# Data for this exercise:
———
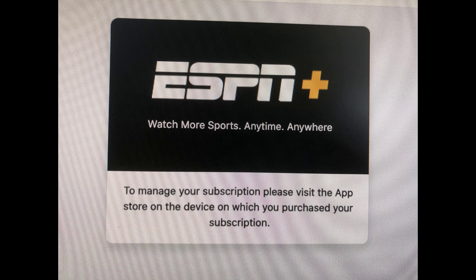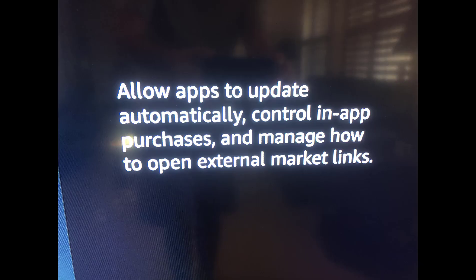I just wanted to cancel the subscription. To cancel the subscription, it was like the biggest runaround. So first I went to a website and it said, to manage your subscription, please visit the app store on the device on which you purchased your subscription.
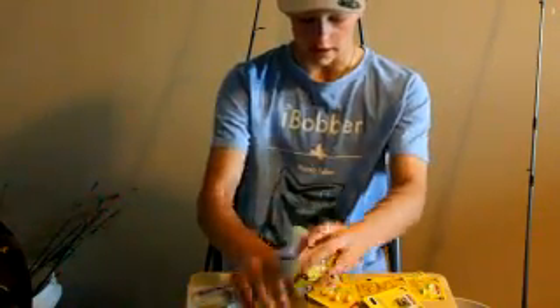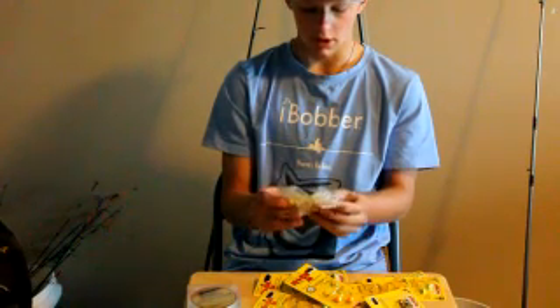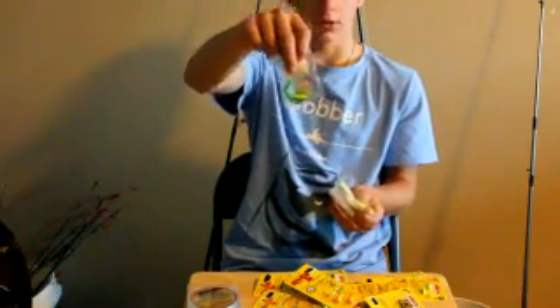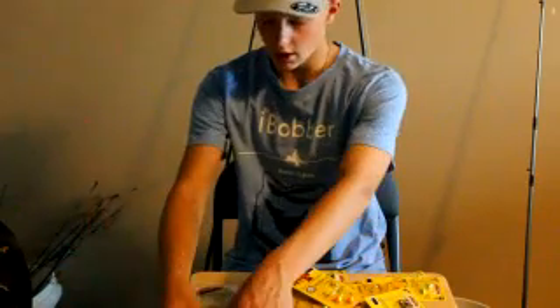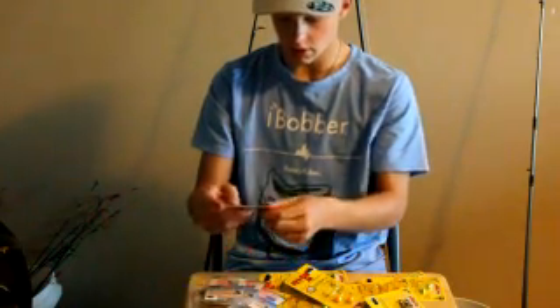I use these a lot, and I think you guys will too. I caught my personal best on this one right here, and I'm giving you two of those, so hopefully you guys can do the same. Next, we've got four different kinds of hooks — you're going to get two packages.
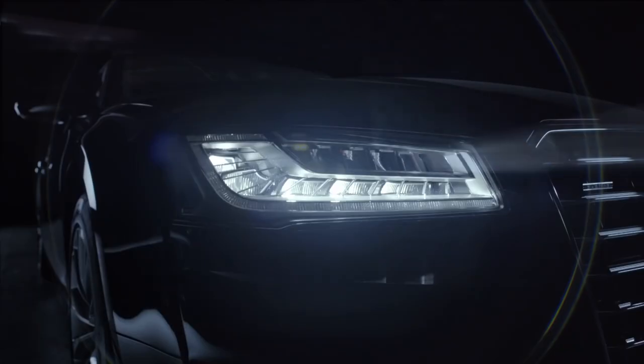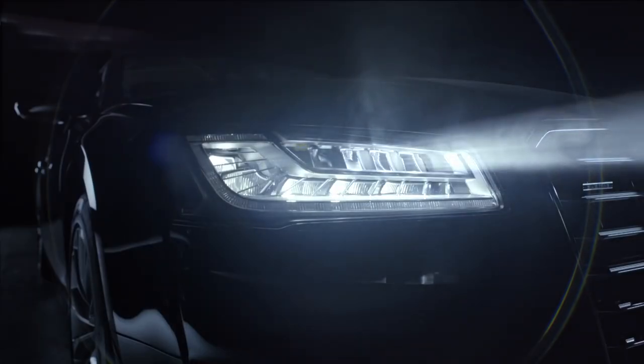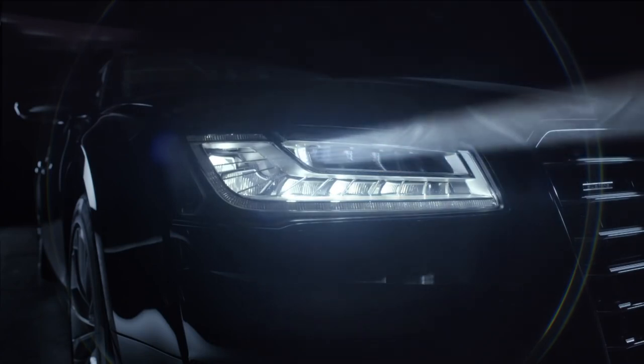What is Audi's matrix beam technology? Each headlight is made up of separate LED units that automatically detect light ahead.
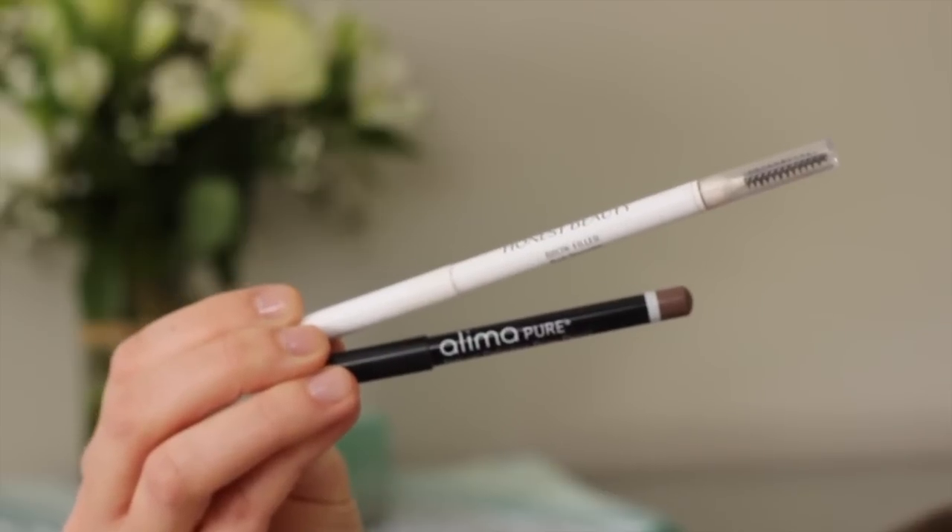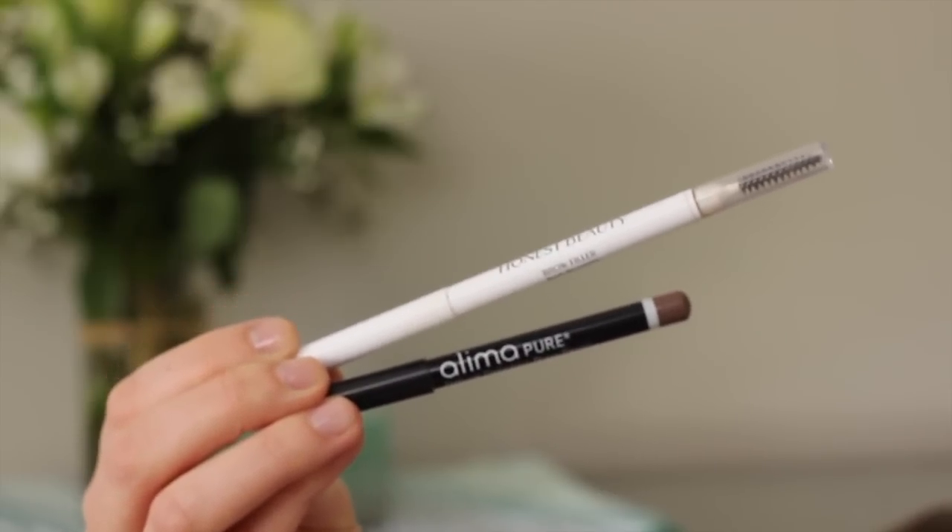For brows, Honest Beauty makes a brow pencil similar to the Anastasia Brow Wiz — the tip is just a little thicker and there are only four shades. The Alima Pure Brow Pencil is great and I use it just about every day, though you do have to manually sharpen it. A lot of people also like Eco Brow, which is a pomade similar to the Anastasia Dip Brow — I just haven't tried it personally.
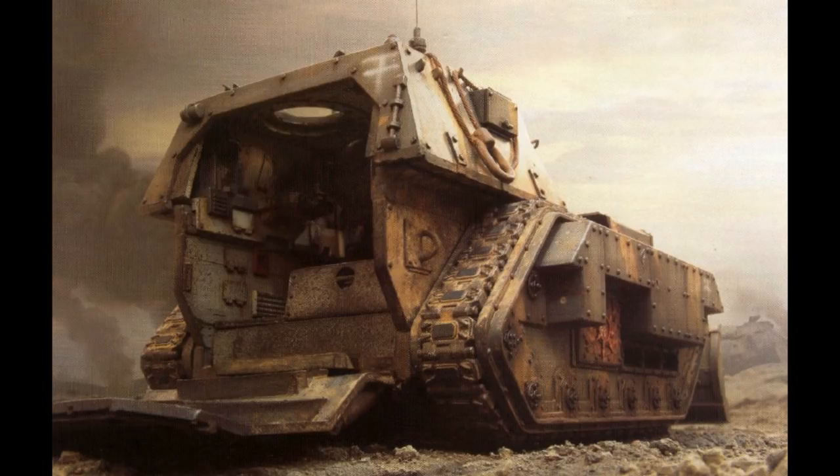The ammunition used by the Medusa includes high-explosive and siege shells, which were described earlier, but also the more unique Bastion Breacher Shells. These are fired directly into the enemy wall, where they burrow deep and then explode after penetrating, causing the wall to explode outwards and creating a breach for Imperial infantry to enter through.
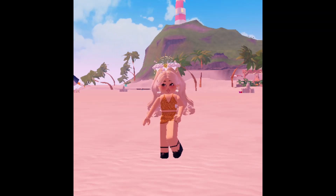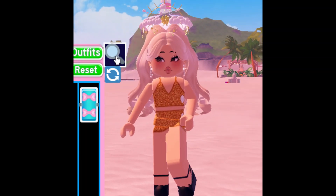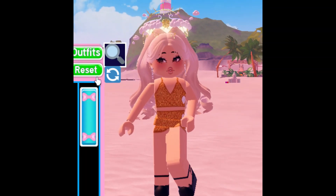Hello, there are some new glitches in Roblox Royale High. In this video, I will show you some of them. They are funny. Let's check them out.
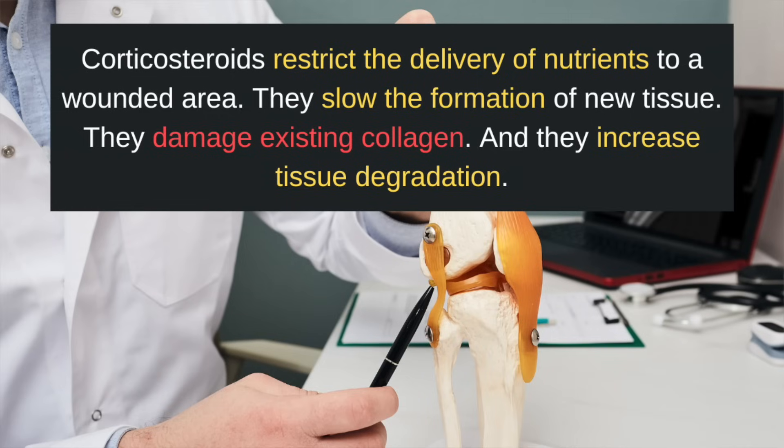Now, let's address the elephant in the room. What we know from laboratory research is that corticosteroids restrict the delivery of nutrients to a wounded area. They slow the formation of new tissue, they damage existing collagen, and they increase tissue degradation. These are the exact properties that dermatologists are looking for when treating scar tissue — they actually leverage the catabolic effects of cortisone to break down excessive collagen tissue in keloids.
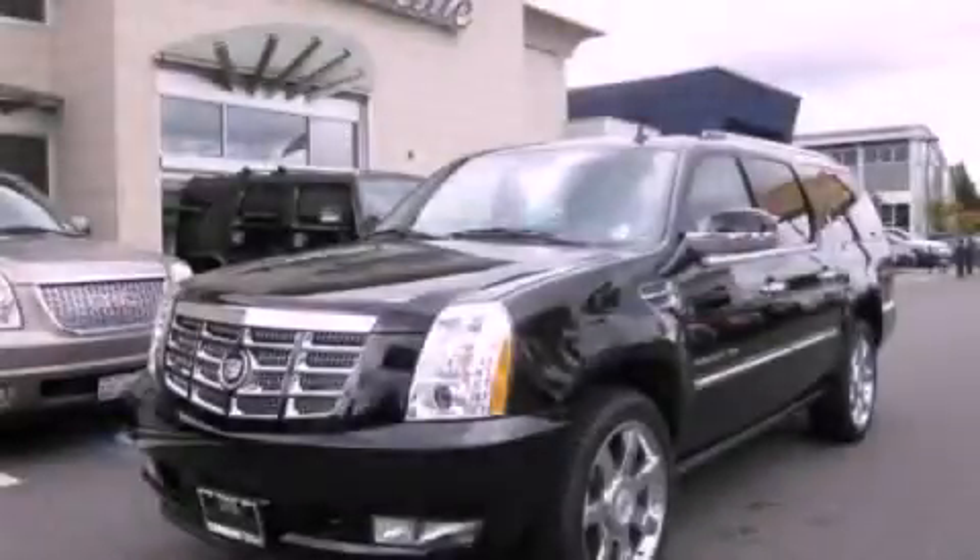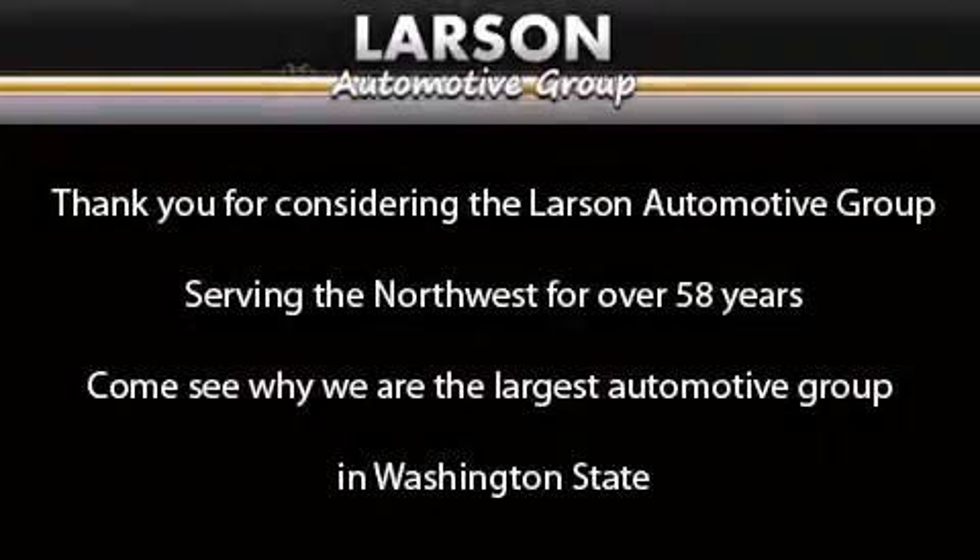Call now to find out how you can own this breathtaking vehicle. Thank you for considering the Larson Automotive Group, serving the Northwest for over 58 years. Come see why we are the largest automotive group in Washington State.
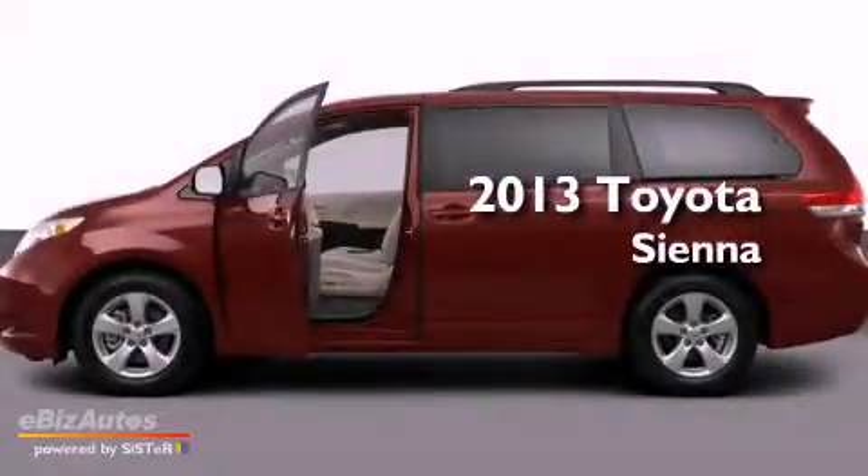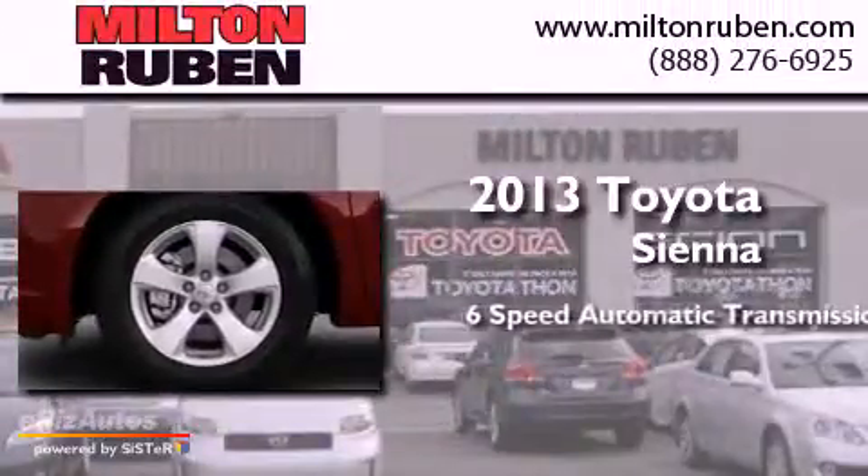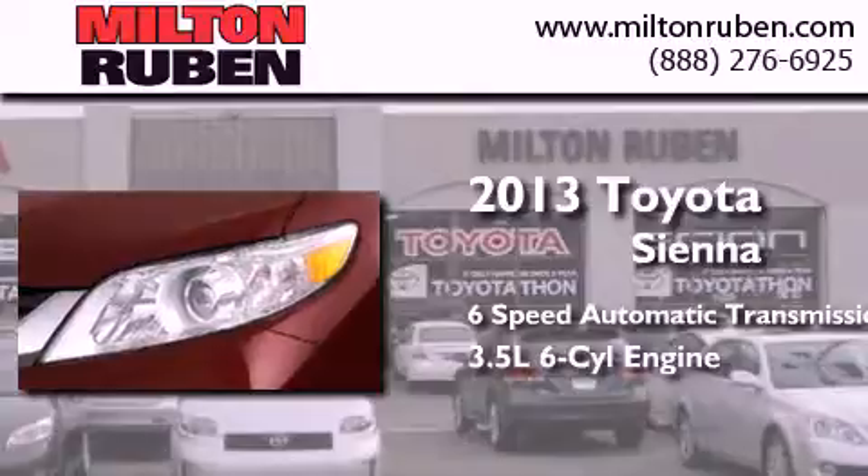This is a brand new 2013 Toyota Sienna. This minivan has a 6-speed automatic transmission and a 6-cylinder engine.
———
# Try it:
Please reproduce, word for word, only the lines from the line that holds "The ammunition used" through the final line of the entries above, omitting any pictures.

# Completed task:
The ammunition used by the Medusa includes high-explosive and siege shells, which were described earlier, but also the more unique Bastion Breacher Shells. These are fired directly into the enemy wall, where they burrow deep and then explode after penetrating, causing the wall to explode outwards and creating a breach for Imperial infantry to enter through.
Hello, there are some new glitches in Roblox Royale High. In this video, I will show you some of them. They are funny. Let's check them out.
Now, let's address the elephant in the room. What we know from laboratory research is that corticosteroids restrict the delivery of nutrients to a wounded area. They slow the formation of new tissue, they damage existing collagen, and they increase tissue degradation. These are the exact properties that dermatologists are looking for when treating scar tissue — they actually leverage the catabolic effects of cortisone to break down excessive collagen tissue in keloids.
Call now to find out how you can own this breathtaking vehicle. Thank you for considering the Larson Automotive Group, serving the Northwest for over 58 years. Come see why we are the largest automotive group in Washington State.
This is a brand new 2013 Toyota Sienna. This minivan has a 6-speed automatic transmission and a 6-cylinder engine.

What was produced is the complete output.